This weekend I’ve been reconnecting with myself and I’ve learnt that I’m craving so much more of what nourishes me. I want to be in the moment and moving my body and breathing fresh air and getting creative and working towards something. So I’m going to take some time away from these squares so I can step back from outside influence and really connect with all things me. See you in April, loves 🖤@knitspleaseuk, 15th March 2020
It’s been almost three weeks since I uninstalled the Instagram app and took myself mostly out of the loop of current affairs. I could feel the tide of trying times begin to turn, and I knew that I needed to prepare myself. I can so easily get lost in the consumption of other peoples thoughts and feelings and opinions and before I know it hours have passed and I’m left with an uneasy feeling that I just can’t shake. And I didn’t want that for myself.
So I made the decision to step away and focus on the things that felt like priorities to me and now, coming out of the other side of it, I know that it was absolutely the right thing to do. We are living through unprecedented times, and I can honestly say that I’ve done the most I could do to set myself up to cope with it well.

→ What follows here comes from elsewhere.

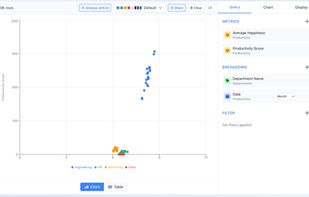 Simple chart / analysis builder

I have prioritised moving my body. I’m 18 days into 30 days of Yoga with Adriene and feel like I want to do it forever. I’ve dabbled with at-home yoga in the past, but I’ve always stuck to the same few videos and so I never learnt just how much I could do. I’m constantly surprising myself with what I can do with my body, and it feels so good to move in new ways. I’ve found it to be the perfect way to start the day, and it’s keeping me calm, centred and open. It’s also teaching me so much about my posture, and I’m learning how to be so much kinder to my body because of it.

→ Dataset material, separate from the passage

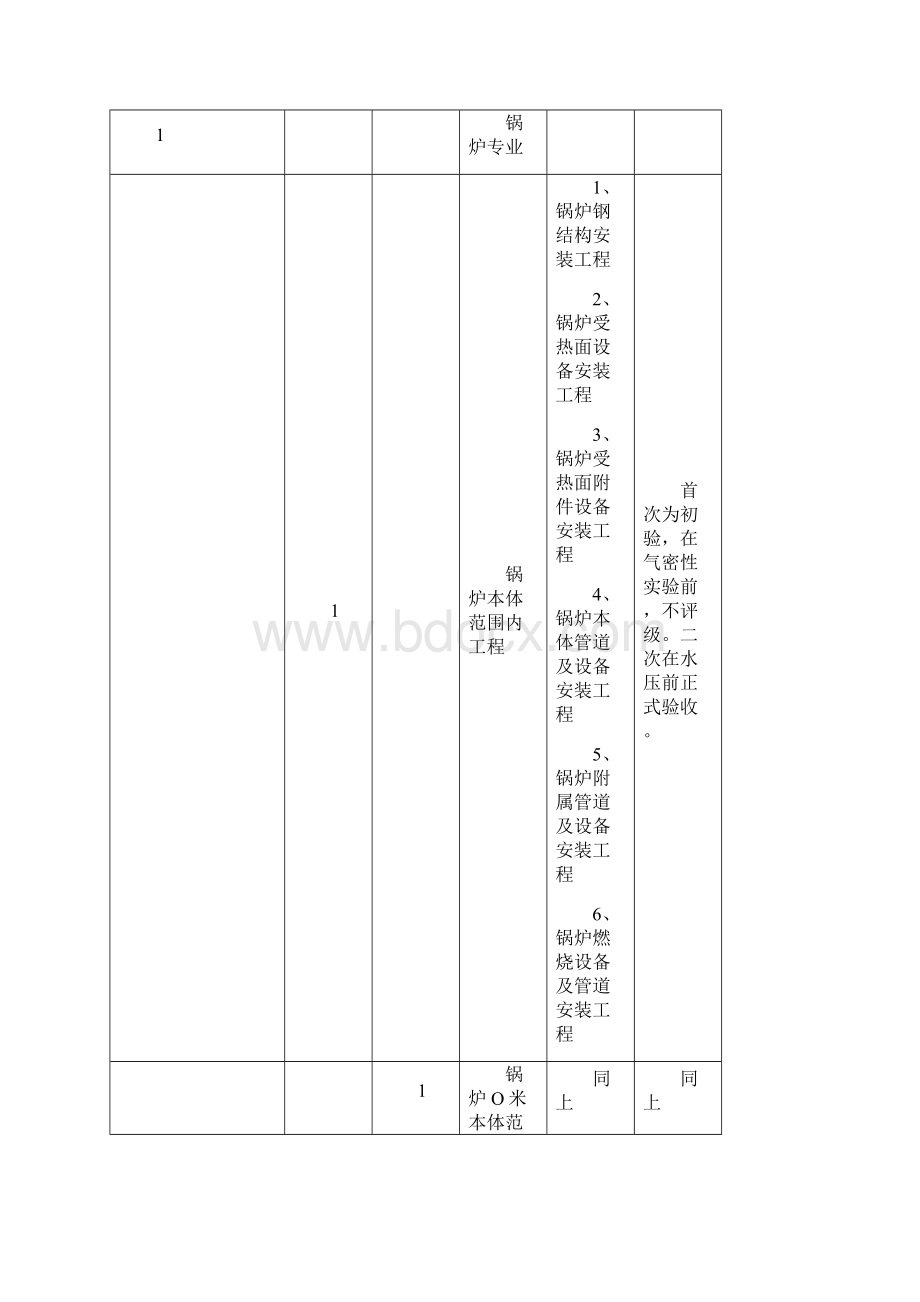 10安装工程观感质量验收及评定办法Word文件下载.docx_第3页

I’ve spent time reading books, not social media feeds. I’ll be honest, I thought I would have read much more than I have in these past few weeks, but what I have read I’ve enjoyed immensely, without the distraction of social media keeping me from a good story. I’ve also learnt that reading tends to be what I do when I’m on my own, and with Sam not working it takes conscious effort to move into another room away from noisy distractions to get through a few pages. I’ve also downloaded the Kobo app on my phone. Usually I’d buy physical books or Kindle, but our latest book club read wasn’t available in my usual formats and I managed to find it on Kobo. Having a book to read on my phone is never something I was interested in, but now I’ve seen how easy it is to read part of a good story with as much ease as 30 minutes spent scrolling on Instagram, and I’m not sad about it.

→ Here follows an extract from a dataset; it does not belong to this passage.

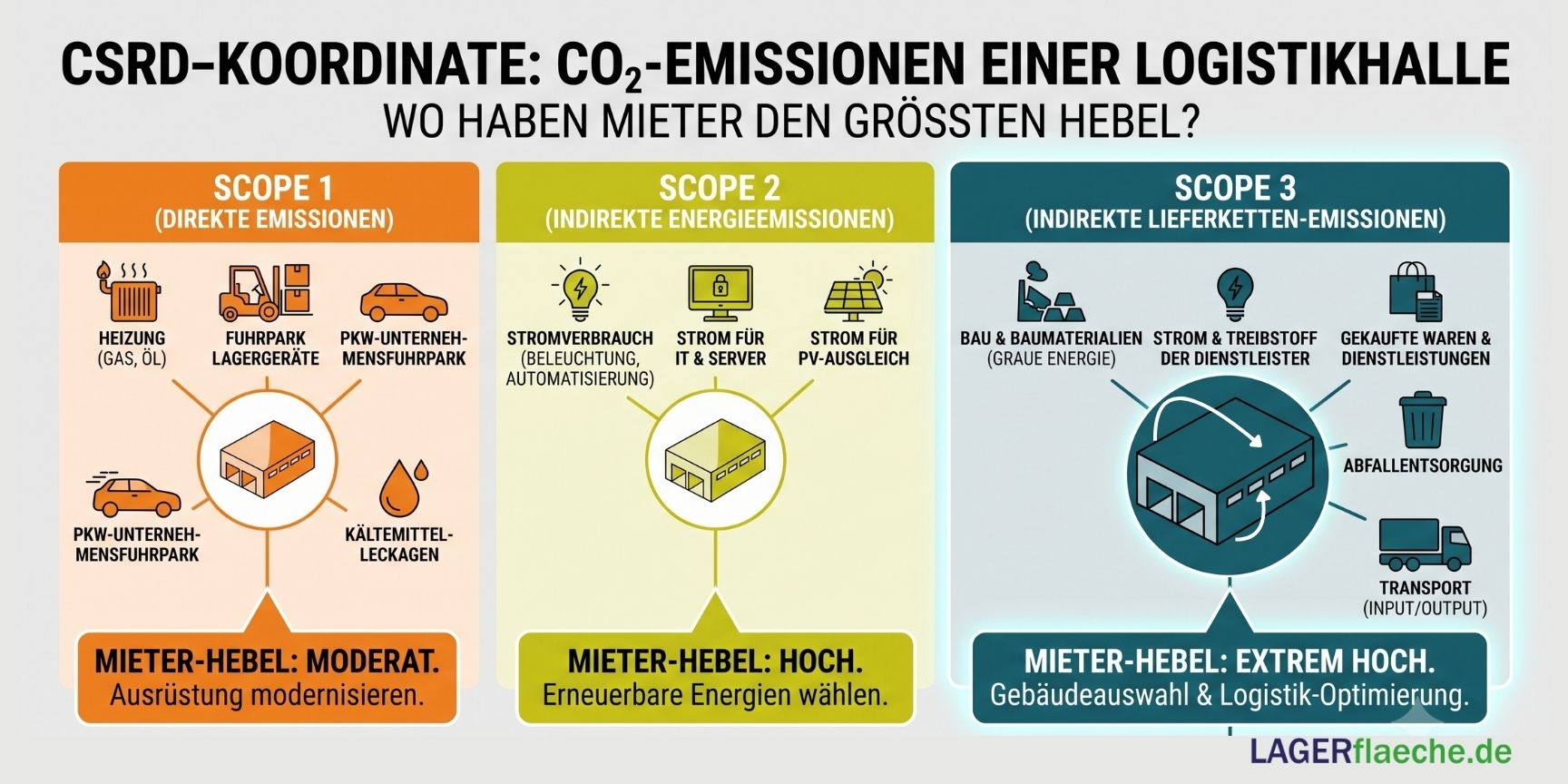 Infografik zu Scope 1, 2 und 3 CO2-Emissionen einer Logistikhalle. Sie zeigt, dass Mieter im Bereich Scope 3 den größten Hebel für das CSRD-Reporting haben.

I’ve been flexing my knitting creativity. Most of my knitting time has been spent on my September Sweater (can we all please take a moment to recognise how slow brioche grows?!), but I’ve also been mulling over some new design ideas. There are a couple of stitch patterns that I’ve had in mind for ages, years even, without the motivation to do much with them, but over the past few weeks I’ve been feeling inspired. I’ve worked up a couple of swatches, and think I’ll see where the mood takes me so there may be something new on its way soon.
I’ve been reminded how much I connect with living slowly. I thought I’d come back from this break with stacks to report, a whole host of things achieved and dozens of items ticked off, but I’m not coming back with much progress at all. And that’s what feels just right. I used to be a do-er, forever wanting to have things done and show just how productive I am. But that’s not me anymore. Now I like to spend time over things, and savour the moments. I like to enjoy a slow cup of tea and while away hours in conversation and curl up with re-runs of my favourite TV shows and movies. I like to do just the right amount of stuff to keep me ticking over, without succumbing to my old pal, overwhelm. And it’s in filling my life with all of the things that I enjoy, that I get to sit in a steady state of contentment.
It really has been a joy to take a step back from all of the outside noise and re-connect with what it means to be me in this season of my life. And I think I’m going to use these lessons to inform my behaviour going forward. I don’t want to cut out social media for good, because there are so many connections and friendships that it helps keep alive, but however I use it, I want to do so consciously. What that looks like, I’m not yet sure, but for now I’m happy to be back.